Task goal:
Would you output all the entries below without altering a word?

[Dataset entries]
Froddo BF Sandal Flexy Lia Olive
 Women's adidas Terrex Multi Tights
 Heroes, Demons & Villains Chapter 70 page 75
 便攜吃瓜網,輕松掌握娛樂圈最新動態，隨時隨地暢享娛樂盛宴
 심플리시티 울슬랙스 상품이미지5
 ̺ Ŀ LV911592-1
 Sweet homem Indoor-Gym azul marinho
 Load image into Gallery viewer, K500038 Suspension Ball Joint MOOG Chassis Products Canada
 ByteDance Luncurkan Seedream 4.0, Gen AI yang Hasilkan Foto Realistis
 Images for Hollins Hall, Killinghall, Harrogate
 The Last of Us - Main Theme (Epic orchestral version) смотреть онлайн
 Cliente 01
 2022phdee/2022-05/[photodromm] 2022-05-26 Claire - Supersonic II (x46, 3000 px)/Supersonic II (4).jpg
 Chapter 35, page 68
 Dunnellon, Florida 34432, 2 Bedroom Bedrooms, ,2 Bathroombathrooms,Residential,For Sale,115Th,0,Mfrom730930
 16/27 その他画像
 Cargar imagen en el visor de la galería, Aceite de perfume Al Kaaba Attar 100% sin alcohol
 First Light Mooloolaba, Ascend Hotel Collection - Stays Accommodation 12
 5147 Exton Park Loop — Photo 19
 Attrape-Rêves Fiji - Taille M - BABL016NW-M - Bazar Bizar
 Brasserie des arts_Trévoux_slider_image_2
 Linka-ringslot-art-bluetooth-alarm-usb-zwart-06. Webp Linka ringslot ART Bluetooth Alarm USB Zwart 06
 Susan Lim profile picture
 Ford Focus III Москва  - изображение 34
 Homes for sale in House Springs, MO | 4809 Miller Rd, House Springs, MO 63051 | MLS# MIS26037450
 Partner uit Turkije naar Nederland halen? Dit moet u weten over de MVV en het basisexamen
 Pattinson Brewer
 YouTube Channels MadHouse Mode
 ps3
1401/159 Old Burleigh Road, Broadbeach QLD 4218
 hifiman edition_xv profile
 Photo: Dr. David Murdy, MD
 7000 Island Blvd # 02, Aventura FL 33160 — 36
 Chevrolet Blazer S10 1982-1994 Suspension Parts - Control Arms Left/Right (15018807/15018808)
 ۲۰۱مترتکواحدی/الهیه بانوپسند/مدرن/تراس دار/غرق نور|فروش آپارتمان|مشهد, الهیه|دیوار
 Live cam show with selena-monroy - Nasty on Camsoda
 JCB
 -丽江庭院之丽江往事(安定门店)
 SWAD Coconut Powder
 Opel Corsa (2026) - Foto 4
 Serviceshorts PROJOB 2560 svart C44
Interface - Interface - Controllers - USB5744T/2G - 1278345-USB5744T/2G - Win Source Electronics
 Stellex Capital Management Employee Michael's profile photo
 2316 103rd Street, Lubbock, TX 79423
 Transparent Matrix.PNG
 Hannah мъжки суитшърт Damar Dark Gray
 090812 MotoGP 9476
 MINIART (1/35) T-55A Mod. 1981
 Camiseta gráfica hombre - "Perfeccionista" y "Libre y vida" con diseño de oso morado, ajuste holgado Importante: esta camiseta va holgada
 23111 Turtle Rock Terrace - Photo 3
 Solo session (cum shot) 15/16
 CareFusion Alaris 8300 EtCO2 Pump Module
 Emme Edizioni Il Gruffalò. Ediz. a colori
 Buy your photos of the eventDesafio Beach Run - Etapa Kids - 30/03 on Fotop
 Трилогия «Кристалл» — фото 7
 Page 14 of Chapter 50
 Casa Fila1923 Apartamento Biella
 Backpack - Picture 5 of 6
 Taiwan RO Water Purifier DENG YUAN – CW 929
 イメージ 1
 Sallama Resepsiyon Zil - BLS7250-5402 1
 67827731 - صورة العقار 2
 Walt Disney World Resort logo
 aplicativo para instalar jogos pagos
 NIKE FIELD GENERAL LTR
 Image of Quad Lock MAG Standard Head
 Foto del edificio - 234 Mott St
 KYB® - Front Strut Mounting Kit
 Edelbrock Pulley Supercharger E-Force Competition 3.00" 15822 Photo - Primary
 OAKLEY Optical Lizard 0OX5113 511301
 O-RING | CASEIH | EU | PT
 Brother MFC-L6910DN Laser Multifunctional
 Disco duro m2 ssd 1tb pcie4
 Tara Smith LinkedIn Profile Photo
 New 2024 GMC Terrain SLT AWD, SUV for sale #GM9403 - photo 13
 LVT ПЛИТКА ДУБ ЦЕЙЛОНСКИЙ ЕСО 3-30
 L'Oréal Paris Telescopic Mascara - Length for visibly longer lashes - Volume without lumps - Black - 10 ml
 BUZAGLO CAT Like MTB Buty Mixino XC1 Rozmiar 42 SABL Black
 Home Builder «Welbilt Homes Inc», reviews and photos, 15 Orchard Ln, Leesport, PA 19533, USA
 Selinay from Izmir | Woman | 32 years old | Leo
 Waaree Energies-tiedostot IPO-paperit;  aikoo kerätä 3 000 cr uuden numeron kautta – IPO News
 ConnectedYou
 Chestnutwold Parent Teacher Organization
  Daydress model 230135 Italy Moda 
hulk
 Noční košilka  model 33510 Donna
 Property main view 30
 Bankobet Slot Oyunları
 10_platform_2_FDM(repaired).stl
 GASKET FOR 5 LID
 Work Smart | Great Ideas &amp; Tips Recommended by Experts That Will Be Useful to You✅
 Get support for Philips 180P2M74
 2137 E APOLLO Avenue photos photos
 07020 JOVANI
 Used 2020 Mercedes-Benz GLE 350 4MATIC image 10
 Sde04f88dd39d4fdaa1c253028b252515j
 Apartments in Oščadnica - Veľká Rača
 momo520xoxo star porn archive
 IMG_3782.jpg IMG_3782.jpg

Written solution:
Froddo BF Sandal Flexy Lia Olive
 Women's adidas Terrex Multi Tights
 Heroes, Demons & Villains Chapter 70 page 75
 便攜吃瓜網,輕松掌握娛樂圈最新動態，隨時隨地暢享娛樂盛宴
 심플리시티 울슬랙스 상품이미지5
 ̺ Ŀ LV911592-1
 Sweet homem Indoor-Gym azul marinho
 Load image into Gallery viewer, K500038 Suspension Ball Joint MOOG Chassis Products Canada
 ByteDance Luncurkan Seedream 4.0, Gen AI yang Hasilkan Foto Realistis
 Images for Hollins Hall, Killinghall, Harrogate
 The Last of Us - Main Theme (Epic orchestral version) смотреть онлайн
 Cliente 01
 2022phdee/2022-05/[photodromm] 2022-05-26 Claire - Supersonic II (x46, 3000 px)/Supersonic II (4).jpg
 Chapter 35, page 68
 Dunnellon, Florida 34432, 2 Bedroom Bedrooms, ,2 Bathroombathrooms,Residential,For Sale,115Th,0,Mfrom730930
 16/27 その他画像
 Cargar imagen en el visor de la galería, Aceite de perfume Al Kaaba Attar 100% sin alcohol
 First Light Mooloolaba, Ascend Hotel Collection - Stays Accommodation 12
 5147 Exton Park Loop — Photo 19
 Attrape-Rêves Fiji - Taille M - BABL016NW-M - Bazar Bizar
 Brasserie des arts_Trévoux_slider_image_2
 Linka-ringslot-art-bluetooth-alarm-usb-zwart-06. Webp Linka ringslot ART Bluetooth Alarm USB Zwart 06
 Susan Lim profile picture
 Ford Focus III Москва  - изображение 34
 Homes for sale in House Springs, MO | 4809 Miller Rd, House Springs, MO 63051 | MLS# MIS26037450
 Partner uit Turkije naar Nederland halen? Dit moet u weten over de MVV en het basisexamen
 Pattinson Brewer
 YouTube Channels MadHouse Mode
 ps3
1401/159 Old Burleigh Road, Broadbeach QLD 4218
 hifiman edition_xv profile
 Photo: Dr. David Murdy, MD
 7000 Island Blvd # 02, Aventura FL 33160 — 36
 Chevrolet Blazer S10 1982-1994 Suspension Parts - Control Arms Left/Right (15018807/15018808)
 ۲۰۱مترتکواحدی/الهیه بانوپسند/مدرن/تراس دار/غرق نور|فروش آپارتمان|مشهد, الهیه|دیوار
 Live cam show with selena-monroy - Nasty on Camsoda
 JCB
 -丽江庭院之丽江往事(安定门店)
 SWAD Coconut Powder
 Opel Corsa (2026) - Foto 4
 Serviceshorts PROJOB 2560 svart C44
Interface - Interface - Controllers - USB5744T/2G - 1278345-USB5744T/2G - Win Source Electronics
 Stellex Capital Management Employee Michael's profile photo
 2316 103rd Street, Lubbock, TX 79423
 Transparent Matrix.PNG
 Hannah мъжки суитшърт Damar Dark Gray
 090812 MotoGP 9476
 MINIART (1/35) T-55A Mod. 1981
 Camiseta gráfica hombre - "Perfeccionista" y "Libre y vida" con diseño de oso morado, ajuste holgado Importante: esta camiseta va holgada
 23111 Turtle Rock Terrace - Photo 3
 Solo session (cum shot) 15/16
 CareFusion Alaris 8300 EtCO2 Pump Module
 Emme Edizioni Il Gruffalò. Ediz. a colori
 Buy your photos of the eventDesafio Beach Run - Etapa Kids - 30/03 on Fotop
 Трилогия «Кристалл» — фото 7
 Page 14 of Chapter 50
 Casa Fila1923 Apartamento Biella
 Backpack - Picture 5 of 6
 Taiwan RO Water Purifier DENG YUAN – CW 929
 イメージ 1
 Sallama Resepsiyon Zil - BLS7250-5402 1
 67827731 - صورة العقار 2
 Walt Disney World Resort logo
 aplicativo para instalar jogos pagos
 NIKE FIELD GENERAL LTR
 Image of Quad Lock MAG Standard Head
 Foto del edificio - 234 Mott St
 KYB® - Front Strut Mounting Kit
 Edelbrock Pulley Supercharger E-Force Competition 3.00" 15822 Photo - Primary
 OAKLEY Optical Lizard 0OX5113 511301
 O-RING | CASEIH | EU | PT
 Brother MFC-L6910DN Laser Multifunctional
 Disco duro m2 ssd 1tb pcie4
 Tara Smith LinkedIn Profile Photo
 New 2024 GMC Terrain SLT AWD, SUV for sale #GM9403 - photo 13
 LVT ПЛИТКА ДУБ ЦЕЙЛОНСКИЙ ЕСО 3-30
 L'Oréal Paris Telescopic Mascara - Length for visibly longer lashes - Volume without lumps - Black - 10 ml
 BUZAGLO CAT Like MTB Buty Mixino XC1 Rozmiar 42 SABL Black
 Home Builder «Welbilt Homes Inc», reviews and photos, 15 Orchard Ln, Leesport, PA 19533, USA
 Selinay from Izmir | Woman | 32 years old | Leo
 Waaree Energies-tiedostot IPO-paperit;  aikoo kerätä 3 000 cr uuden numeron kautta – IPO News
 ConnectedYou
 Chestnutwold Parent Teacher Organization
  Daydress model 230135 Italy Moda 
hulk
 Noční košilka  model 33510 Donna
 Property main view 30
 Bankobet Slot Oyunları
 10_platform_2_FDM(repaired).stl
 GASKET FOR 5 LID
 Work Smart | Great Ideas &amp; Tips Recommended by Experts That Will Be Useful to You✅
 Get support for Philips 180P2M74
 2137 E APOLLO Avenue photos photos
 07020 JOVANI
 Used 2020 Mercedes-Benz GLE 350 4MATIC image 10
 Sde04f88dd39d4fdaa1c253028b252515j
 Apartments in Oščadnica - Veľká Rača
 momo520xoxo star porn archive
 IMG_3782.jpg IMG_3782.jpg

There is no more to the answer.